Debug – Debug statements should exist with enough frequency and information to allow anyone to identify and fix errors at some point in the future.
Info – Info statements are great for metrics. When a new user is registered, you should have an info statement. When a registration fails due to name collisions, you should have an info statement. When a promotion is completed, you should have an info statement.
Warn – Unexpected actions which do not result in data corruption and which the system can reasonably recover from should trigger a warning. For example, a failed attempt to connect to a RabbitMQ server should trigger a warning. This isn’t an error because the system can and should try to connect to a secondary system.
Error – Unexpected conditions which result in lost or corrupted data, or conditions which prevent the system from operating must fire an error. Failure to establish a connection to a database after all possible servers are tried is an error.
Using these conventions you might end up with logs that look something like this if assuming you are only reporting events at INFO level and higher:
Sept 17, 2012 14:25:25 – [INFO] New user account created: smattocks
Sept 17, 2012 14:25:26 – [WARN] Could not connect to database server at host 192.168.1.2. Error message: server not found
Sept 17, 2012 14:25:26 – [WARN] Could not connect to database server at host 192.168.1.3. Error message: server in read only mode
Sept 17, 2012 14:25:26 – [ERROR] Could not connect any databases while trying to process request for /user/changename for user ID 90210. Attempting to change name to “dylan”
Sept 17, 2012 14:25:27 – [WARN] Could not connect to database server at host 192.168.1.2. Error message: server not found
Sept 17, 2012 14:25:27 – [INFO] Connected to secondary database server at host 192.168.1.3. Most likely primary failed and secondary became master.
Sept 17, 2012 14:25:27 – [INFO] Username changed. Old name: brandon; New name: dylan
Sept 17, 2012 14:25:27 – [WARN] User creation failed due to unique name conflicts. Username: dylan, email: dylan@example.com, password (obfuscated for security reasons): xxxxxxxxx
Note: The example of not being able to connect to a database results in at least one warning and an error.
Hopefully, you have noticed a bit of consistency in the log messages above.
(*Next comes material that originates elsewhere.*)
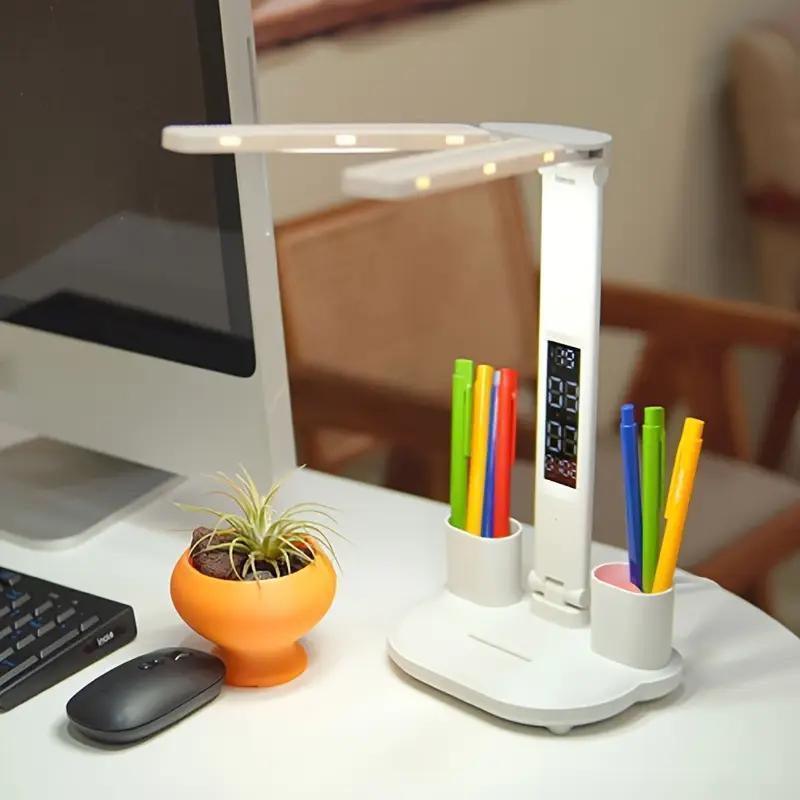 Smart dual-head LED light, USB dual-head pen holder lamp, art decorative light, smart desk lamp, suitable for dormitory, bedroom, living room, home office desk lamp, reading light, night light, table lamp and lighting fixture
The anatomy of a good log message can be described in four parts: a timestamp, an appropriate level of severity, a meaningful message, and sufficient contextual information. A timestamp is required to allow one message to be assessed in relation to other log messages from the current and other applications. The level of severity allows people or applications reading the logs to apply varying levels of urgency to their responses and behaviors. Hopefully, the meaningful message is self explanatory. The contextual information is the part most often omitted.
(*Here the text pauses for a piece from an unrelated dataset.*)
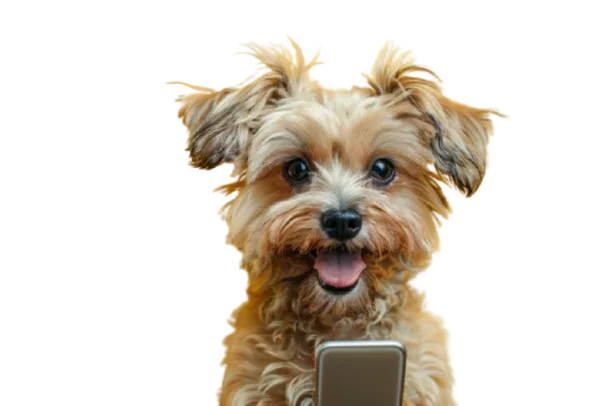 Cachorro contento con un teléfono — WhatsApp automatizado para veterinarias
Letting you know that something went wrong is really only half of a log messages job. The other responsibilities of a log message are to allow you to accurately reproduce the conditions under which the event occurred, and to allow you to fix any data inconsistencies. Knowing that a user’s registration got bungled mid-process is good. Knowing which data caused the error and being able to fix the busted account is even better. A good log message needs to be part diagnostics and part remedy. If you don’t have the data you need to fix issues in your database, you are only fixing half of the problem.
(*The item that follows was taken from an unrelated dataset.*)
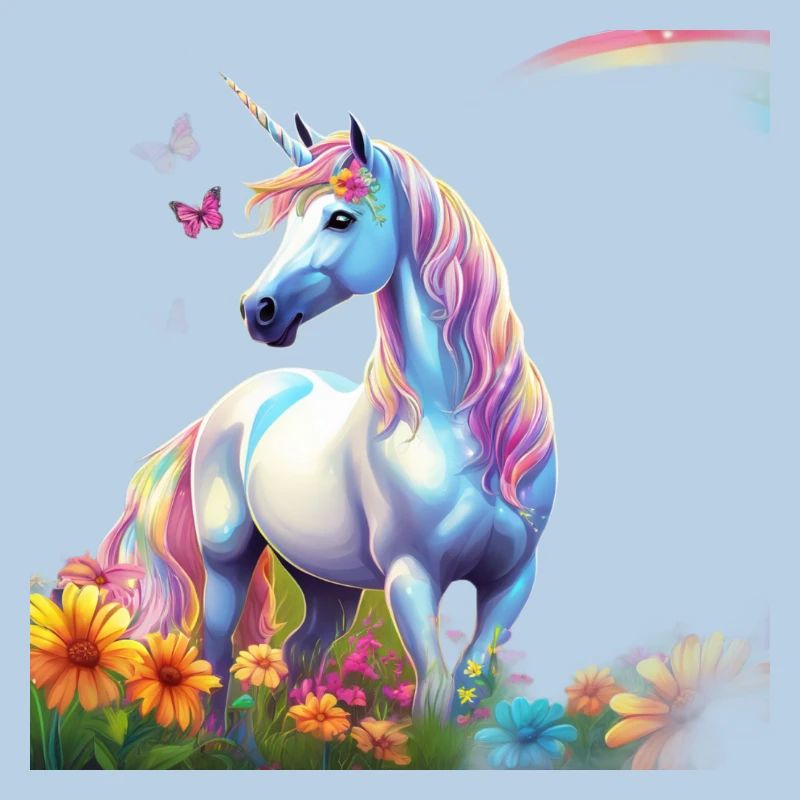 Licorne céleste dans le champ des fleurs avec Schmetterlin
Without logging, your application is a black box. You cannot see what is going on inside and you cannot fix bugs with reasonable speed. Having your application talk to you in an intelligent manner through proper logging makes your life much easier down the road. Heck, it even makes your life easier right now. You can’t consider your application part of your team unless it can provide feedback and help to inform your decisions. The first step in making your code LUCID is to make it “speak”. After that, you can start to make your code psychic by adding unit tests (the subject of my next post).
* I don’t think log4Fortran actually exists, but if someone creates one, I would vote for calling it log4tran.